Within the listing below, please copy exactly the lines between the line holding "Used 2022 Jeep" and the line holding "2017 Infiniti QX60 Base photo 1", inclusive.

Extracted records:
•••••

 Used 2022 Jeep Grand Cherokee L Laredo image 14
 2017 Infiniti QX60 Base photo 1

•••••

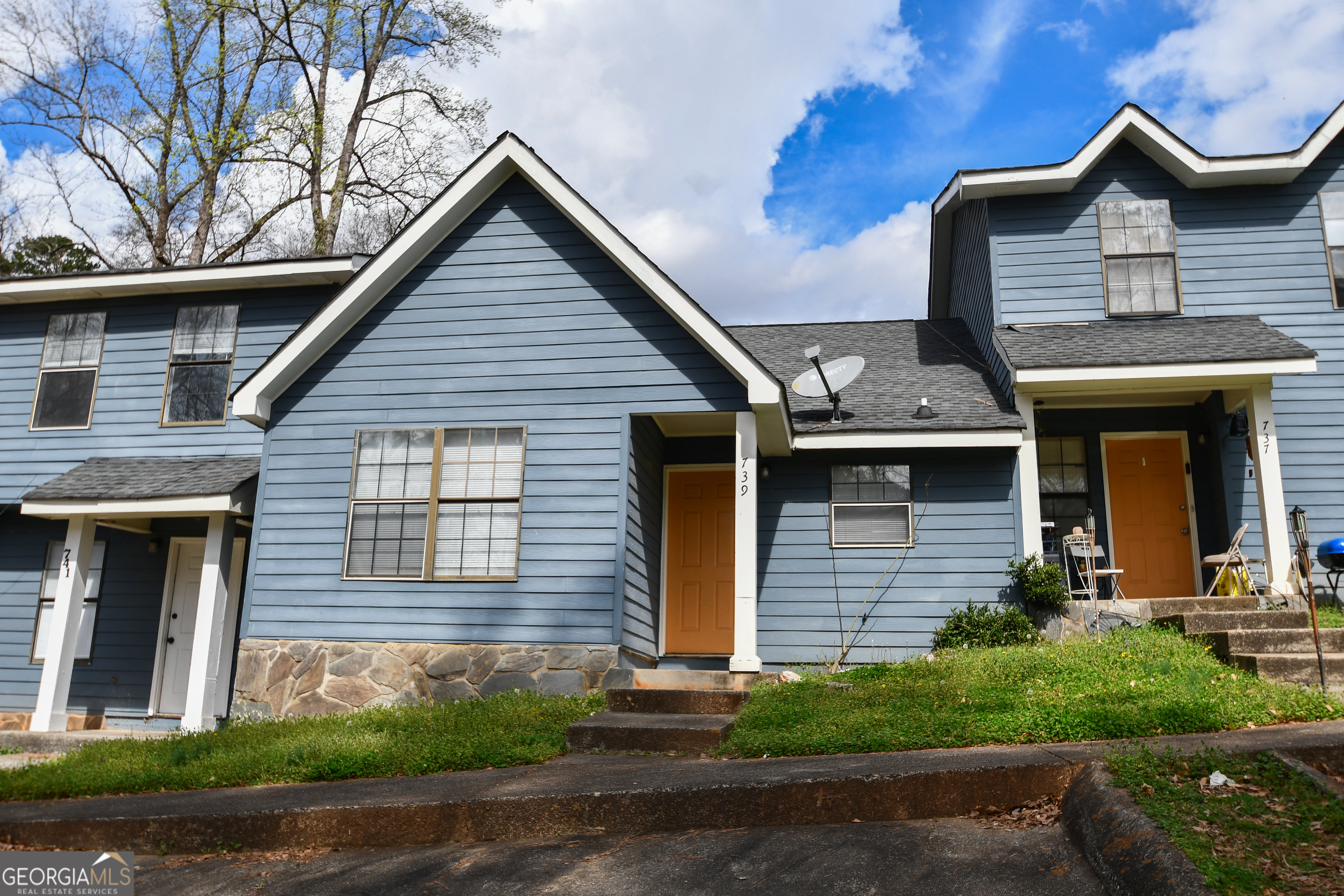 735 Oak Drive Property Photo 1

•••••

Response for this exercise:
 Used 2022 Jeep Grand Cherokee L Laredo image 14
 2017 Infiniti QX60 Base photo 1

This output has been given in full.